The records ->
————
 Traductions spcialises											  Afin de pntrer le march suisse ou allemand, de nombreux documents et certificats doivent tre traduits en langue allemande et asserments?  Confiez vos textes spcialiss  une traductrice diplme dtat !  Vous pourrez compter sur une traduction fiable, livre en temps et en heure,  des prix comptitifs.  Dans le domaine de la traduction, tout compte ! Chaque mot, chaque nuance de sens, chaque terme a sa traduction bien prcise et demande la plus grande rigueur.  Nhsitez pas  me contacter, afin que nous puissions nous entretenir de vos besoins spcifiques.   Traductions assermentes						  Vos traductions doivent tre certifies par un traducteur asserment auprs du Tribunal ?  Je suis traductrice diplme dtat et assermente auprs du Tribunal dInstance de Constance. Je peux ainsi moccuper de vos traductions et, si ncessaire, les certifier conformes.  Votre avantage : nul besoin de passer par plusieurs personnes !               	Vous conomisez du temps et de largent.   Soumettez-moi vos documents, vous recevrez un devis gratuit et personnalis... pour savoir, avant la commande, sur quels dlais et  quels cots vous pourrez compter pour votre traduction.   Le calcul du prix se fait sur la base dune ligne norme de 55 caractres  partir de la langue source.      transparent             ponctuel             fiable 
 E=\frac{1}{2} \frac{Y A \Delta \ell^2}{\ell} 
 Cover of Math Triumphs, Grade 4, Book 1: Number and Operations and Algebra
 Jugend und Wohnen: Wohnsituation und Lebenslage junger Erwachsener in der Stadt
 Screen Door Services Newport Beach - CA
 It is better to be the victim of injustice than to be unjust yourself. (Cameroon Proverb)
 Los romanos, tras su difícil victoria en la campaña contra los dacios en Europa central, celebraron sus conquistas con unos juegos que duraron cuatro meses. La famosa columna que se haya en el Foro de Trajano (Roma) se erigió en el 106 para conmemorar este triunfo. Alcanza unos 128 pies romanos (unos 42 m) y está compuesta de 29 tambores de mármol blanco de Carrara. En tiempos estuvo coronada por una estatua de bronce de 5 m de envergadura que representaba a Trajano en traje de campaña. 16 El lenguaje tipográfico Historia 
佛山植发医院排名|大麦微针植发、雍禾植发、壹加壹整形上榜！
————
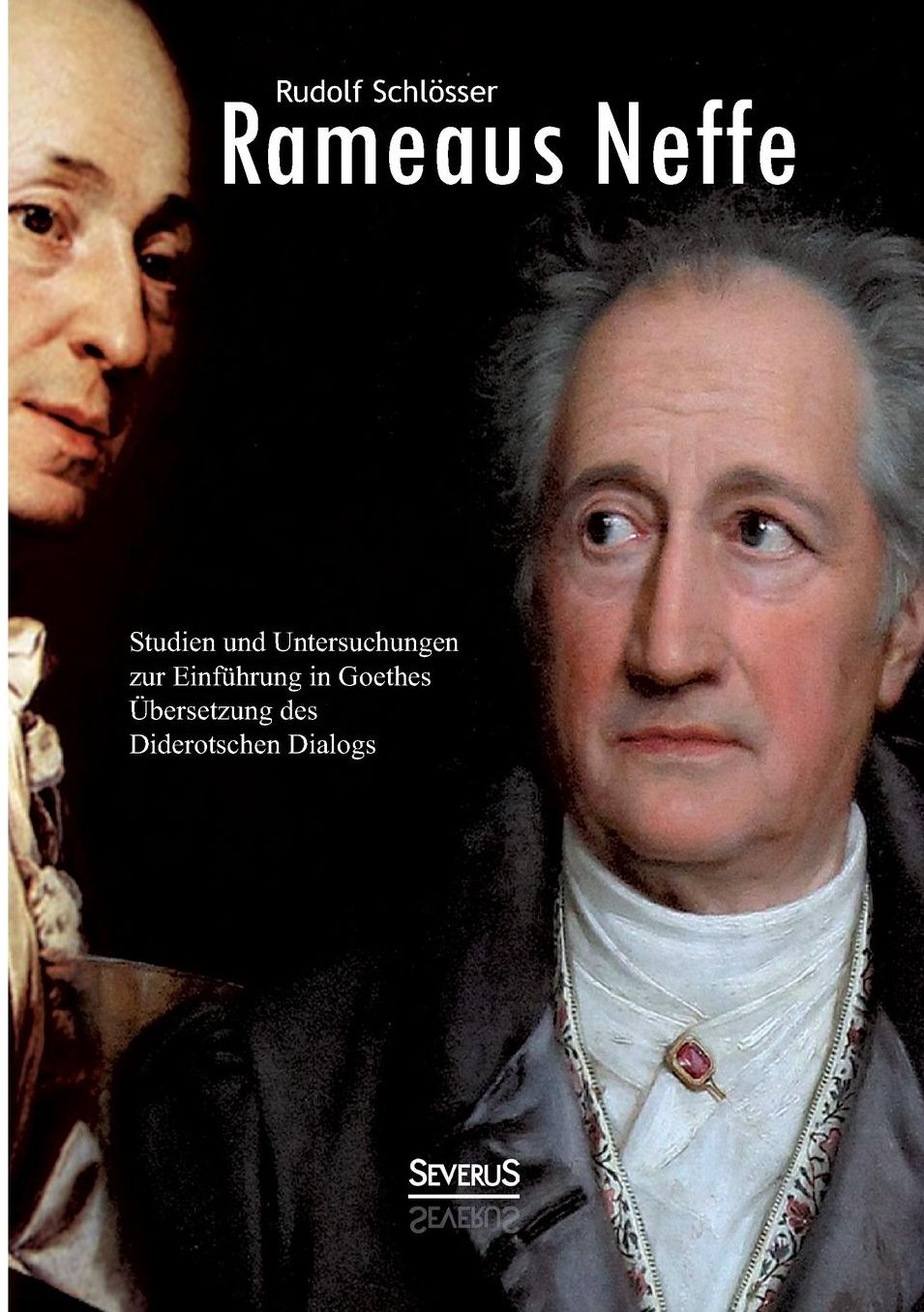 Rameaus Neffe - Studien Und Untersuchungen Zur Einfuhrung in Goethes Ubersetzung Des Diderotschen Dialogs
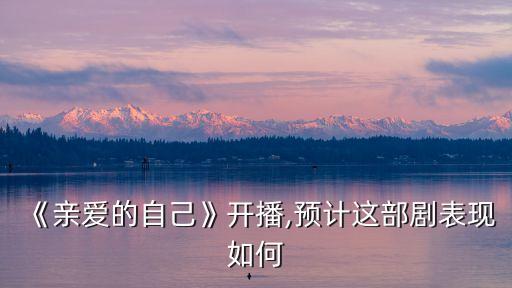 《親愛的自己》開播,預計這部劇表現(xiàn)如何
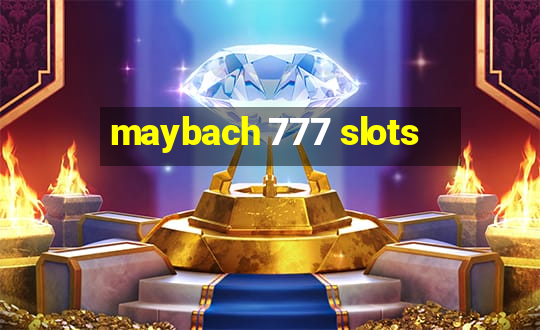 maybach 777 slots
————
Work instruction -> Restate word for word only the lines above from the line containing "Jugend und Wohnen: Wohnsituation" to the line containing "It is better", both of them included.

Answer space ->
 Jugend und Wohnen: Wohnsituation und Lebenslage junger Erwachsener in der Stadt
 Screen Door Services Newport Beach - CA
 It is better to be the victim of injustice than to be unjust yourself. (Cameroon Proverb)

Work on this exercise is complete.